Well, that didn't take very long. Less than a week after media reports had it that Astoria Financial (NYSE:AF) was exploring a sale due to pressure from an activist investor, the banking group made a deal to be sold.
The buyer is fellow Empire State lender New York Community Bancorp (NYSE:NYCB), which will purchase it for a mix of cash and stock totaling around $2 billion, the companies said in a joint announcement at the end of October. That's a big number, but is Astoria worth it?
The latest shopping spree
Astoria Financial investors will receive one share of New York Community Bancorp stock, plus $0.50 in cash, for each of their shares. Following that, Astoria Financial will be merged into its new parent.
All told, that price tallies to $19.66 per Astoria Financial share, several dollars above the bank's most recent closing price of just under $16.
The move is entirely in character for New York Community Bancorp, which has grown to its present size largely through acquisitions. Its root business -- providing mortgages for multi-family buildings in New York City -- is solid, but raises the bank's cost of funds and doesn't provide enormous room for growth. Hence its acquisitiveness.

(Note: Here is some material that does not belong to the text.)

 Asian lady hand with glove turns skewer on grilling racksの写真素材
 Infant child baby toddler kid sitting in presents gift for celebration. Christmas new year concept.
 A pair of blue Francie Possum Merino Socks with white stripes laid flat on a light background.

Astoria Financial is as complementary a banking group as its buyer is likely to find. Named after a neighborhood in Queens, it too focuses on real-estate lending in and around New York City. Maybe that's why New York Community Bancorp is willing to dig deep into the vault to pay for it.
Additionally, the bank said it will "reposition" its balance sheet in advance of the merger, pre-paying around $10 billion in wholesale borrowings. This will trigger a one-time after tax prepayment charge of around $614 million, which will be covered by issuing new stock.

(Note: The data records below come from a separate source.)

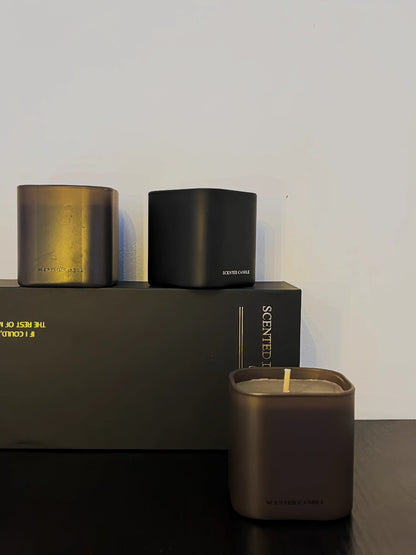 Three candles of different sizes on a dark surface with a plain background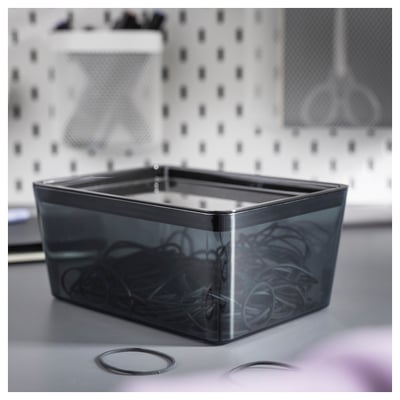 Boîte en plastique gris KUGGIS sur un évier, de forme rectangulaire, couvercle transparent, contenant des accessoires pour cheveux.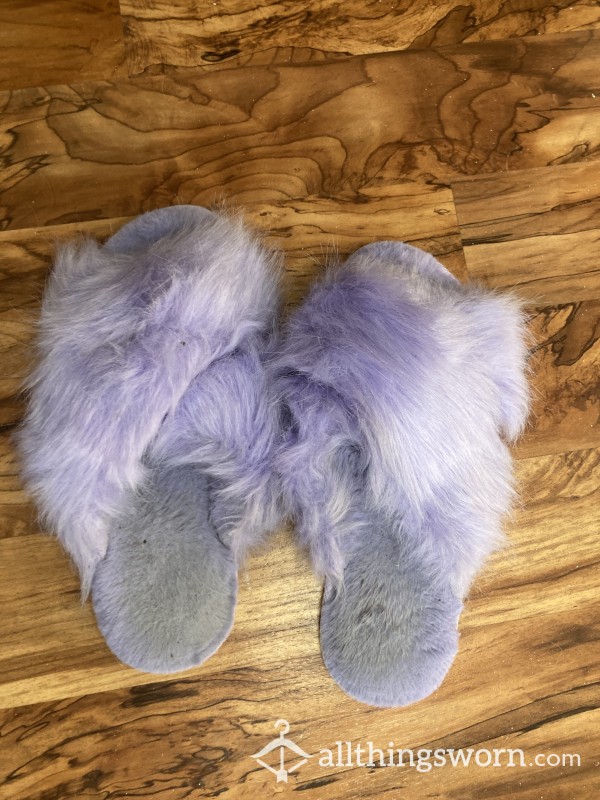 Fuzzy Purple Slippers With Worn-in Foot Prints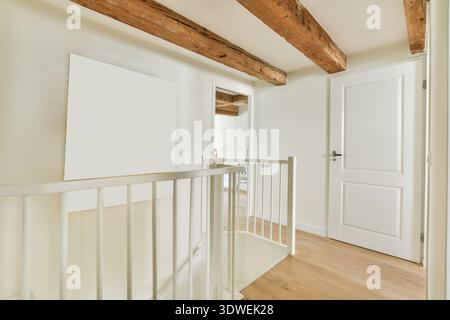 A stylish hallway featuring wooden beams and a vibrant piece of abstract art. Light colors enhance the spacious atmosphere. Stock Photo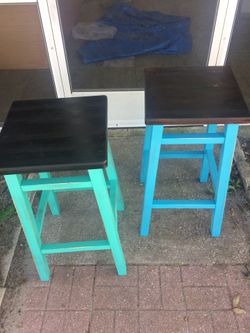 Pair of teal and dark stained stools
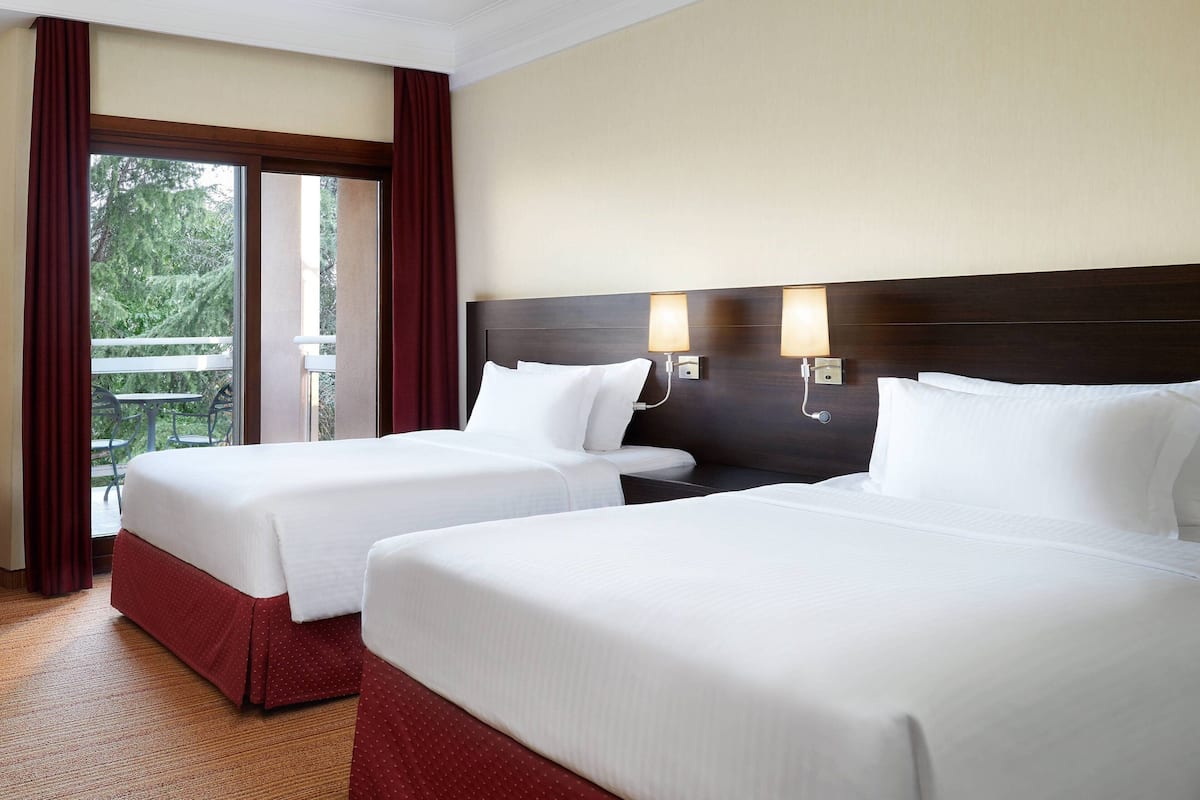 A hotel room with two beds, a balcony, and a view of the outdoors.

The acquirer will save money by cutting back on its dividend; its long-standing (and generous) quarterly $0.25 per share payout is to be reduced to $0.17 beginning in the first quarter of next year.

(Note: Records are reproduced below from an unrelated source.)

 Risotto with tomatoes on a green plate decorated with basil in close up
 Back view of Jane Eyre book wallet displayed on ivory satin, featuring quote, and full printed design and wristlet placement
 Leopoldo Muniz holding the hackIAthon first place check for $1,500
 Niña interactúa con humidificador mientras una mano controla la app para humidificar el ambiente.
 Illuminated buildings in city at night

Some or all of those factors helped push New York Community Bancorp's stock down precipitously in the wake of the announcement.
This is understandable. That dividend was a thing of beauty, yielding well over 5%. Even at the depressed current stock price, the figure for the adjusted dividend will be around 4%.
Further, the acquisition bulks up New York Community Bank's assets enough for it to be considered a "systemically important financial institution." Entering that category will require it to get Fed approval for its capital allocation plans -- including its dividend.
Also, Astoria Financial isn't a particularly dynamic lender. Assets and interest income were both down on a year-over-year basis in the bank's Q3, while its 74% efficiency ratio is high for the sector, with a sub-60% range being the target for most well-run banks.
In short, New York Community Bancorp's asset-to-be is complementary to its business, but I'm not convinced that compatibility justifies what the acquirer is giving up to swallow the purchase.